Resistance Band Flys Summary

  • Primary Muscles Worked: Pectoralis Major – Sternal
  • Other Muscles (Secondary) Worked: Latissimus Dorsi, Levator Scapulae, Pectoralis Major – Clavicular, Pectoralis Minor, and Rhomboids
  • Equipment: Resistance band and door anchor
  • Mechanics Type: Isolation
  • Force: Push
  • Utility: Auxiliary

Resistance Band Flys Procedure

  • Attach the resistance bands to your anchor point to a height that is just below your armpits.
  • Grab the handles in both hands while facing away from the anchor point.
  • Step out with you arms straight out to your sides until the bands are tight.
  • Next, Bring the band handles together in a hugging motion while maintaining your elbows in a fixed position.
  • Your only hinge should be at your shoulders, and you should be utilizing your chest to pull the handles together.
  • To complete the rep allow your arms to return to your side while stretching out your chest
  • Repeat your flys for 8-12 reps.

Woman Performing resistance band flys with MuscleMagFitness Logo in the background.

Utilized Muscles

Target (Agonist)

  • Pectoralis Major, Sternal


  • Latissimus Dorsi
  • Levator Scapulae
  • Pectoralis Major – Clavicular
  • Pectoralis Minor
  • Rhomboids

Dynamic Stabilizers

  • None


  • Biceps Brachii
  • Brachialis
  • Obliques
  • Rectus Abdominis
  • Triceps Brachii
  • Wrist Flexors

Antagonist Stabilizers

  • Erector Spinae
Skeletal muscle systems for a muscular woman, with muscles highlighted in red that are use during resistance band flys.
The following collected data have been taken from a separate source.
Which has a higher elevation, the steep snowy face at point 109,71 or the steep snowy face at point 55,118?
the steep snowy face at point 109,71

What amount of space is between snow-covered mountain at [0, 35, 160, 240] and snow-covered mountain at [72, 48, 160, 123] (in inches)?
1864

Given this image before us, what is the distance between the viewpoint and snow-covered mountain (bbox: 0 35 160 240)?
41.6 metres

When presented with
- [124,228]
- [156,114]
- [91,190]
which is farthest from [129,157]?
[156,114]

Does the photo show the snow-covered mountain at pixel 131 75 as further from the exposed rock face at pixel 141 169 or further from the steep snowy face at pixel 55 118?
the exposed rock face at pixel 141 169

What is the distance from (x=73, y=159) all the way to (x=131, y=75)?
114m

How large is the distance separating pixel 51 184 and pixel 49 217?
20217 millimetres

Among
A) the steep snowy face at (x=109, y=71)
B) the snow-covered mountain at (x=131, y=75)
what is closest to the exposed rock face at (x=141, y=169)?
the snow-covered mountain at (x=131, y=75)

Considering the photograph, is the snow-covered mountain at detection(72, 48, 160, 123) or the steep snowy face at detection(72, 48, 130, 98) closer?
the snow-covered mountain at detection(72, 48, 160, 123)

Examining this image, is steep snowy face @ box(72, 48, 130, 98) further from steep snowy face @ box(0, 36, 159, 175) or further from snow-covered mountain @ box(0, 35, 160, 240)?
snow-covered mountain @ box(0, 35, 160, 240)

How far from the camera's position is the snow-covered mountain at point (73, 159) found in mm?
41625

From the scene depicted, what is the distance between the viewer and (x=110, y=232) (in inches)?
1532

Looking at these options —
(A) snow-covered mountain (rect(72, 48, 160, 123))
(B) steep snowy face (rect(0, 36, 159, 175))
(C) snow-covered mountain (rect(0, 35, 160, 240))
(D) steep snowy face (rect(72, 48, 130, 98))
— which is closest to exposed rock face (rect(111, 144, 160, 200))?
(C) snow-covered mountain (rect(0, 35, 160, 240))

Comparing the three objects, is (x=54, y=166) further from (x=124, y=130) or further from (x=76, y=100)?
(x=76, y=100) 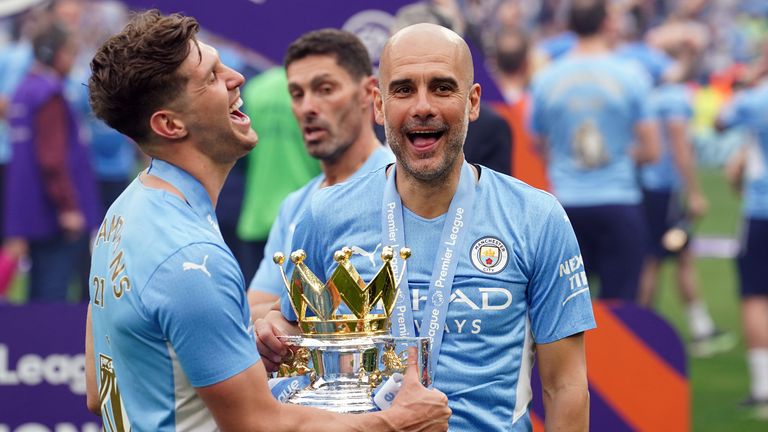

Tips for Better Results and Proper From

If you’d like to attain the right returns, adhere to these essential tips. Furthermore, if you would like to minimize the chance of injuries, abide by these tips.

  • Make certain The Bands Are Strained. Before you begin the workout make sure the resistance bands are not hanging.
  • Do The Correct Amount Of Sets Along With Rest. Your target, in the beginning, ought to be to do 3 sets to near fatigue. However, you can increase to 5 sets. If your muscle tissue isn’t fatigued at the ending of 3 – 5, something needs to change. Initally, you can increase the resistance to make each rep harder. Next, you can decrease the rest time in between your sets.
  • Make Use Of A Mirror To Watch Your Technique. You may think you are a little vain looking in a mirror while you are exercising, but you are not admiring yourself, you are making certain your technique is effective.

Frequent Mistakes You Want to Be Sure To Avoid

You have to keep from making these regularly occurring mistakes to ensure solid form and reaching your goals. Llikewise

  • Don’t have unmatched tension one each band, because you will use both sides with an imbalance.
  • Don’t Cheat. Most of the time, cheating is utilizing momentum rather than the strength of your main muscle. Sometimes, a little bit cheating on your last rep can be great to overload your muscle, however not for more than a few reps.

Recap Of Resistance Band Flys

You should at this point be able to conduct resistance band flys optimally. Your following phase is to carry out resistance band flys as a component of a regular weight training routine.